Les bêtes s’étaient rapprochées les unes des autres. Les moutons bêlaient et les juments hennissaient en martelant lourdement le sol durci par le froid de la steppe. Les silhouettes des loups apparaissaient comme des tâches sombres sur l’éclat de la neige stagnante. Plusieurs salves de flèches furent tirées et certaines touchèrent leur cible. Les hommes n’avaient pas de torches. La lumière du feu aurait rendu trouble le lointain nocturne. Les flammes auraient magnifiquement dégagé la vue dans un rayon de deux à quatre mètres, mais par la même, les hommes n’auraient plus distingué les ombres en mouvement sur la plaine glacée.


Hermès, dans la précipitation, n’avait emporté que quelques flèches et se retrouva vite à court de projectiles. A sa ceinture, une hachette à simple tranchant ne le quittait jamais lors de ses déplacements, servant à fendre le bois, dépecer une bête, déraciner ou couper des plantes.

Cette fois, l’utilisation n’était plus passive mais défensive. Les hommes manquèrent très bientôt de flèches eux aussi et s’emparèrent alors de leurs lances et épées pour repousser la horde de loups dont les individus ne cessaient d’affluer. Ils se ruèrent sur les bêtes sauvages en se divisant par groupe de deux cavaliers sur chaque loup ; qu’ils se mettaient alors à poursuivre en hurlant.

Les combats furent acharnés, mais bientôt, les loups survivants fuirent vers la forêt d’où ils étaient parvenus.
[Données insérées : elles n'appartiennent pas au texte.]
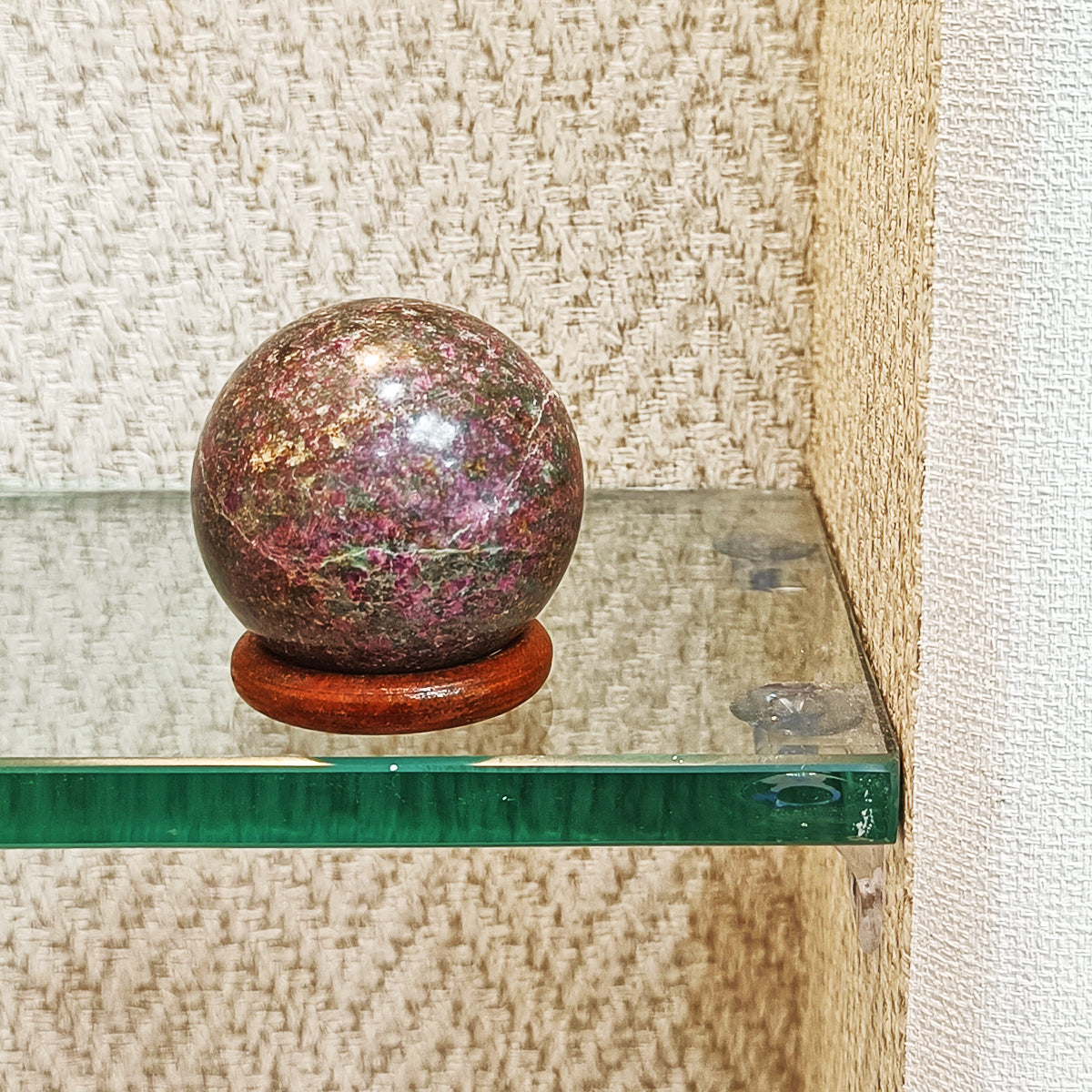 Ruby Kyanite Sphere Ball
Pendant la bataille, Grégaès en tua quatre à lui seul et, se retournant en appelant ses compagnons à se regrouper, il vit des chevaux boiteux et des hommes à bout de souffle, certains blessés. Le chef manquait à l’appel. Ils crièrent son nom, dont l’écho s’insinua entre les arbres tout proches. Grégaès ordonna soudain d’aller chercher des torches.
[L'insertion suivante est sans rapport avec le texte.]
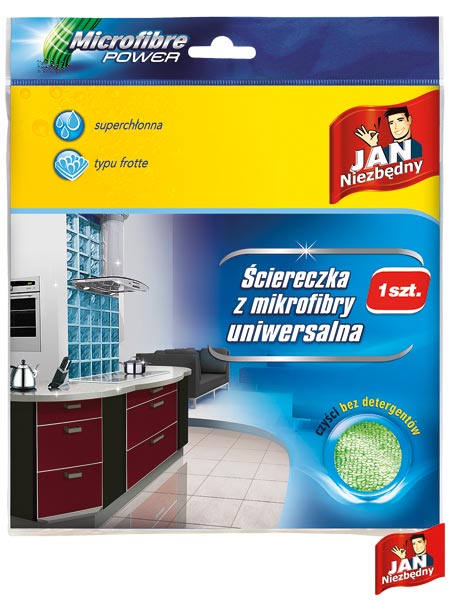 Ścierka z mikrofibry uniwersalna JAN-SCIEMIKRO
Ils se séparèrent, et tout autour d’eux il y avait des dépouilles ; de chevaux égorgés, d’agneaux étripés, leur laine encore jeune et douce couverte du rouge de leur sang. Ils appelèrent encore longuement, sans aucune réponse. En se rapprochant de chaque cadavre, les hommes s’attardaient à éclairer le sol en s’abaissant légèrement pour que la source de lumière couvre avec précision la plus large zone possible. Ils ne mirent pas longtemps à le trouver, allongé sous le corps de son propre destrier qui lui avait brisé les os en retombant de tout son poids sur le pauvre homme. Aucun petit effluve brumeux n’émanait de ses narines ou de sa bouche. Il était mort et sa jument, le cœur lourd, respirait encore lentement. Ses yeux se révulsaient et sa langue pendait d’entre ses mâchoires. Une plaie béante était ouverte le long de son encolure.

Elle n’entendit pas Grégaès s’approcher et lever son bras. Il acheva la bête d’un coup de lance sans qu’elle ne pousse le moindre hennissement.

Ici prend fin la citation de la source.